## ASSIGNED TASK
Take the line with "Pet Collar Tracker" and every line after it in the data. Transcribe them exactly, through the last.

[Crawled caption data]
########################################
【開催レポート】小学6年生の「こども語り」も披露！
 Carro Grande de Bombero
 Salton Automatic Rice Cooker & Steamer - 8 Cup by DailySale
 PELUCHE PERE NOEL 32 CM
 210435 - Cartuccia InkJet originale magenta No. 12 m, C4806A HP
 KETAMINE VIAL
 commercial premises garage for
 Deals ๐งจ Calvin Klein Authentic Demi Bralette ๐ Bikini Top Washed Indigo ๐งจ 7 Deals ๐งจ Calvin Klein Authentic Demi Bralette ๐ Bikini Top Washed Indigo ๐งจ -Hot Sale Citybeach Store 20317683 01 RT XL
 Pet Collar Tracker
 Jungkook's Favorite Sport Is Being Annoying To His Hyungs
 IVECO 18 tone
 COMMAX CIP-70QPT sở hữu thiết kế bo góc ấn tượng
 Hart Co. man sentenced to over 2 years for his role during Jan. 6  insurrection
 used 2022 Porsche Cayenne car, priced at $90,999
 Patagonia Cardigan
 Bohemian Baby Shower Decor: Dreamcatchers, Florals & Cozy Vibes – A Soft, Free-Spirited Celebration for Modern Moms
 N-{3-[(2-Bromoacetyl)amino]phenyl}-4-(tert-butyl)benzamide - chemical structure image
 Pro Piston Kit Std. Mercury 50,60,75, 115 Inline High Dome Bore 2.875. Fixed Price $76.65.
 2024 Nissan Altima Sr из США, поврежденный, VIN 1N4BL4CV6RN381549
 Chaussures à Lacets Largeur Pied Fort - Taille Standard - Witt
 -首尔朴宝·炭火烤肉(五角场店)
########################################
## RESULT OF THE TASK
 Pet Collar Tracker
 Jungkook's Favorite Sport Is Being Annoying To His Hyungs
 IVECO 18 tone
 COMMAX CIP-70QPT sở hữu thiết kế bo góc ấn tượng
 Hart Co. man sentenced to over 2 years for his role during Jan. 6  insurrection
 used 2022 Porsche Cayenne car, priced at $90,999
 Patagonia Cardigan
 Bohemian Baby Shower Decor: Dreamcatchers, Florals & Cozy Vibes – A Soft, Free-Spirited Celebration for Modern Moms
 N-{3-[(2-Bromoacetyl)amino]phenyl}-4-(tert-butyl)benzamide - chemical structure image
 Pro Piston Kit Std. Mercury 50,60,75, 115 Inline High Dome Bore 2.875. Fixed Price $76.65.
 2024 Nissan Altima Sr из США, поврежденный, VIN 1N4BL4CV6RN381549
 Chaussures à Lacets Largeur Pied Fort - Taille Standard - Witt
 -首尔朴宝·炭火烤肉(五角场店)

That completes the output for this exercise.